I want to add an tf.keras.layers.MultiHeadAttention
inside the two layers of neural network. However, I am getting IndexError:
The detailed code are as follow
x1 = Dense(58, activation='relu')(x1)
x1 = Dropout(0.1)(x1)
print(x1.shape)
attention = tf.keras.layers.MultiHeadAttention(num_heads=2, key_dim=58,
dropout=0.1,output_shape=x1.shape)(x1,x1)
x1 = Dropout(0.2)(attention)
x1 = Dense(59, activation='relu')(x1)
output = Dense(1, activation='linear')(x1)`
model = tf.keras.models.Model(inputs=input1, outputs=output)
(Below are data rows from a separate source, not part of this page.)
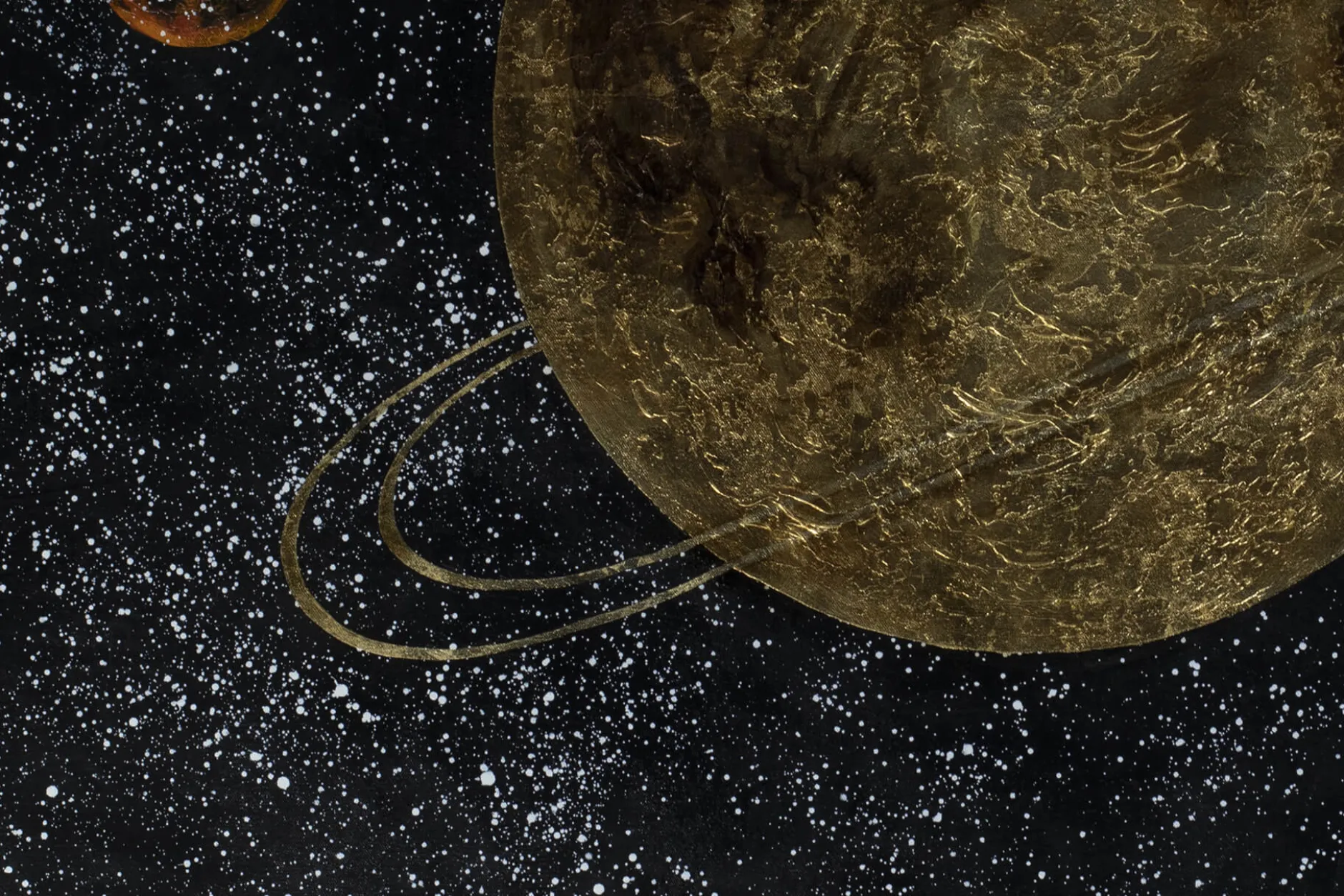XXL Öl Gemälde 'Goldener Planet' | Handgemaltes Unikat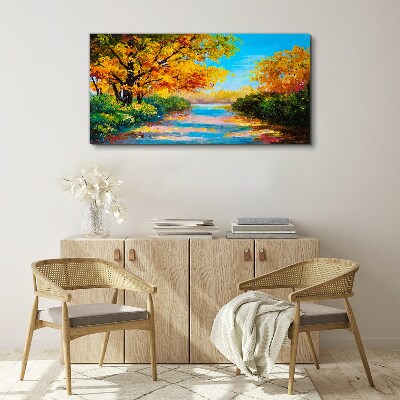 Foto auf leinwand Goldener Herbst am Fluss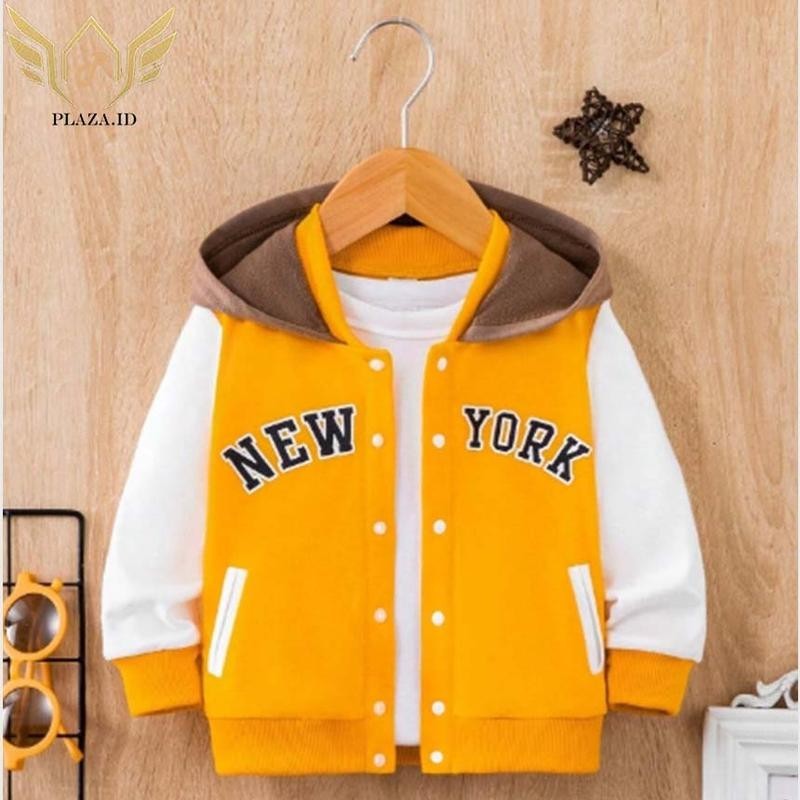 Jaket Varsity Jaket Baseball Cewek Cowok Jaket Berkancing  kuning putih Hoodie Korean Style Bahan Fl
In the above code I am getting following error
IndexError: Exception encountered when calling layer 'softmax' (type Softmax).
tuple index out of range
Call arguments received by layer 'softmax' (type Softmax):
• inputs=tf.Tensor(shape=(None, 2), dtype=float32)
• mask=None
Note that
`x1.shape`= (None, 58)
The problem is solved now. MultiHeadAttention layer in TensorFlow expects a 3D input tensor. Therefor to introduce an attention block into normal neural network, there is need to set inputs and outputs of that block accordingly. So the updated code is as follow
x1 = Dense(58, activation='relu')(x1)
x1 = Dropout(0.1)(x1)
x1 = tf.expand_dims(x1, axis=1) # here we need to expand dimension
print(x1.shape)
attention = tf.keras.layers.MultiHeadAttention(num_heads=3, key_dim=x1.shape[2], dropout=0.2)(x1, x1)
x1 = Dropout(0.2)(attention)
x1 = tf.keras.layers.LayerNormalization()(x1)
x1 = tf.squeeze(x1, axis=1) # set dimension here again
x1 = Dense(10, activation='relu')(x1)
output = Dense(1, activation='linear')(x1)